Comparative results of total, urban and rural household embodied emissions from intermediate industrial production and consumption. (a,b) represent decomposed and aggregated total household temporal embodied emissions from intermediate industrial production and consumption; (b,c) represent decomposed and aggregated urban household temporal embodied emissions from intermediate industrial production and consumption; (e,f) represent decomposed and aggregated rural household temporal embodied emissions from intermediate industrial production and consumption.

Chinese regional household embedded industrial production and consumption emissions

Chinese provincial plus federally operated municipalities’ rural household embedded industrial production and consumption emissions for the year 2012 were 155.18 and 152.64 Mt respectively. Shandong with 17.87 and 17.50 Mt was the largest source of Chinese rural industrial production and consumption regional carbon emissions. It was followed by Shanxi (11.95 and 11.83 Mt) and Hebei (11.25 and 11.10 Mt) respectively. However, there existed some differences between both the rural household embodied industrial production and consumption emissions. For example, largest source of Shandong’s rural household industrial production embedded emissions with 2.70 Mt was the ‘Chemical industry’. In contrast, the biggest source of its industrial consumption embedded carbon emissions with 4.16 Mt was the sector of ‘Food and Tobacco’. Figure 5, presents the industrial production and consumption embedded rural household regional carbon emissions.

Figure 5

Rural household embedded regional industrial emissions; (a) industrial production (b) industrial consumption embedded regional emissions.

While, Chinese regional urban household industrial production and consumption embodied carbon emissions for 2012 were 441.13 and 434.79 Mt respectively. The highest source of both these two type of urban household embedded emissions with 48.93 and 48 Mt was again Shandong province. It was followed by Guangdong (30.38 and 30.02 Mt) and Hebei (28.48 and 28.07 Mt) respectively. However, the main industrial sources of these regional carbon emissions were quite different. For example, the highest source of Shandong’s urban household embedded industrial production emissions with 6.94 Mt was ‘Agriculture, Forestry, Animal Husbandry, Fisheries and Water Conservancy’, but the greatest source of industrial consumption embedded emissions with 13.47 Mt was ‘Food and Tobacco’. Figure 6, presents the industrial production and consumption embedded urban household regional carbon emissions.

Figure 6

Urban household embedded regional industrial emissions; (a) industrial production (b) industrial consumption embedded regional emissions.

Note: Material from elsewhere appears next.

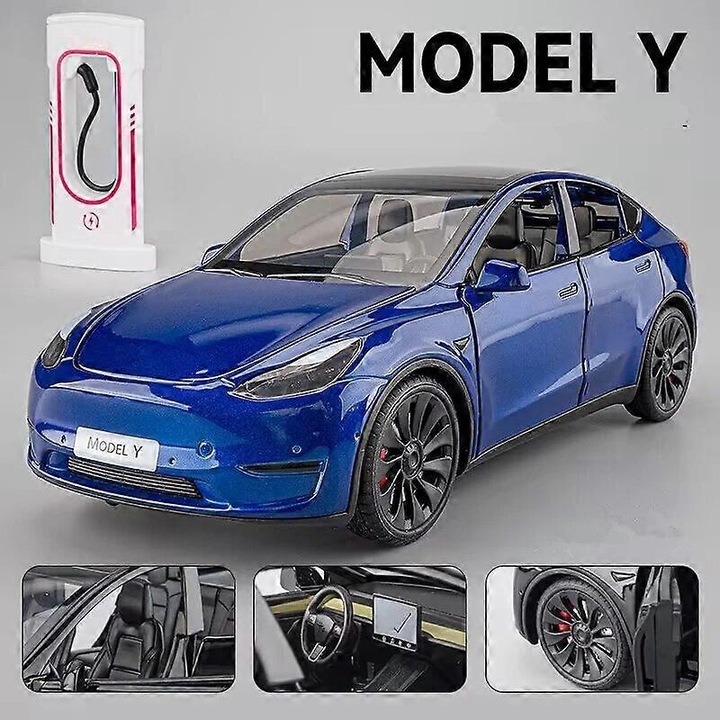 Tesla Model Y autómodell, öntött fém, kék, 1:24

Chinese household (urban plus rural) total industrial production and consumption embedded regional emissions for 2012 were 596.31 and 587.43 Mt respectively. Shandong with 66.80 and 65.49 Mt had the highest amount of both industrial production and consumption embedded household emissions. It was followed by Hebei (39.73 and 39.16 Mt) and Shanxi (39.08 and 38.67 Mt) respectively. However, Shandong’s highest amount of industrial production embedded emissions with 9.17 Mt came from ‘Chemical industry’, while the largest amount of industrial consumption embedded emissions with 17.63 Mt came from the sector of ‘Food and Tobacco’. Figure 7, presents the household industrial consumption and production embedded regional emissions of China.

Figure 7

Total household embedded regional industrial emissions; (a) industrial production (b) industrial consumption embedded regional emissions.

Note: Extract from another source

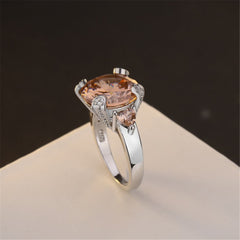 Champagne Crystal & Silvertone Oval-Cut Ring - streetregion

Uncertainty of the results based upon the provincial statistics

As mentioned above in the introduction section, that it has been reported that the Chinese provincial and national energy data did not correspond to each other. Furthermore, it is also interesting to measure the uncertainties arising for the differences in national and provincial I/O data, including the intermediate and the final demand. In this case, the national data statistics should be considered as the standard. In this section, we present the uncertainties related with the aggregated results obtained under the available provincial data and compared it with the results obtained from the standard (reference) national data. For uncertainty measurement purposes the values of the national data were considered as the expected values, the uncertainty of the provincial accounts from their expected national accounts are presented in this section in detail. The values obtained are presented in the same unit as the original outcome value i.e. millions of tons of carbon emissions.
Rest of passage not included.